(Problem statement) Output every entry exactly as it appears.

** Source records follows **

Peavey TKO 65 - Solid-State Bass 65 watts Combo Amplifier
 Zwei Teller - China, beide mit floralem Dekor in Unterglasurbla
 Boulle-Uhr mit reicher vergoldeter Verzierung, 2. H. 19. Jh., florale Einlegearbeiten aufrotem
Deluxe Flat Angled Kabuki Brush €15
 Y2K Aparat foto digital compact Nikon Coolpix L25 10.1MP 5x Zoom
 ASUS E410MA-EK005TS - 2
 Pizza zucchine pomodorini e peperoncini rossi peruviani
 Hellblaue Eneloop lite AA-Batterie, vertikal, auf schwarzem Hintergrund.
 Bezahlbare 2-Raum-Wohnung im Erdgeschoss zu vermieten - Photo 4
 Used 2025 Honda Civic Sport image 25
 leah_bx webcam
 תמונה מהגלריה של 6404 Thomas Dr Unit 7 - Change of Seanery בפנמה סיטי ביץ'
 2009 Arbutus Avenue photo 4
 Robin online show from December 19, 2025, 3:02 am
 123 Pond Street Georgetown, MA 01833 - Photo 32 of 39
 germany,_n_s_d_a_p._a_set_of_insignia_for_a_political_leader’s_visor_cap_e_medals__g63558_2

** End of Source records **

(Your response)
Peavey TKO 65 - Solid-State Bass 65 watts Combo Amplifier
 Zwei Teller - China, beide mit floralem Dekor in Unterglasurbla
 Boulle-Uhr mit reicher vergoldeter Verzierung, 2. H. 19. Jh., florale Einlegearbeiten aufrotem
Deluxe Flat Angled Kabuki Brush €15
 Y2K Aparat foto digital compact Nikon Coolpix L25 10.1MP 5x Zoom
 ASUS E410MA-EK005TS - 2
 Pizza zucchine pomodorini e peperoncini rossi peruviani
 Hellblaue Eneloop lite AA-Batterie, vertikal, auf schwarzem Hintergrund.
 Bezahlbare 2-Raum-Wohnung im Erdgeschoss zu vermieten - Photo 4
 Used 2025 Honda Civic Sport image 25
 leah_bx webcam
 תמונה מהגלריה של 6404 Thomas Dr Unit 7 - Change of Seanery בפנמה סיטי ביץ'
 2009 Arbutus Avenue photo 4
 Robin online show from December 19, 2025, 3:02 am
 123 Pond Street Georgetown, MA 01833 - Photo 32 of 39
 germany,_n_s_d_a_p._a_set_of_insignia_for_a_political_leader’s_visor_cap_e_medals__g63558_2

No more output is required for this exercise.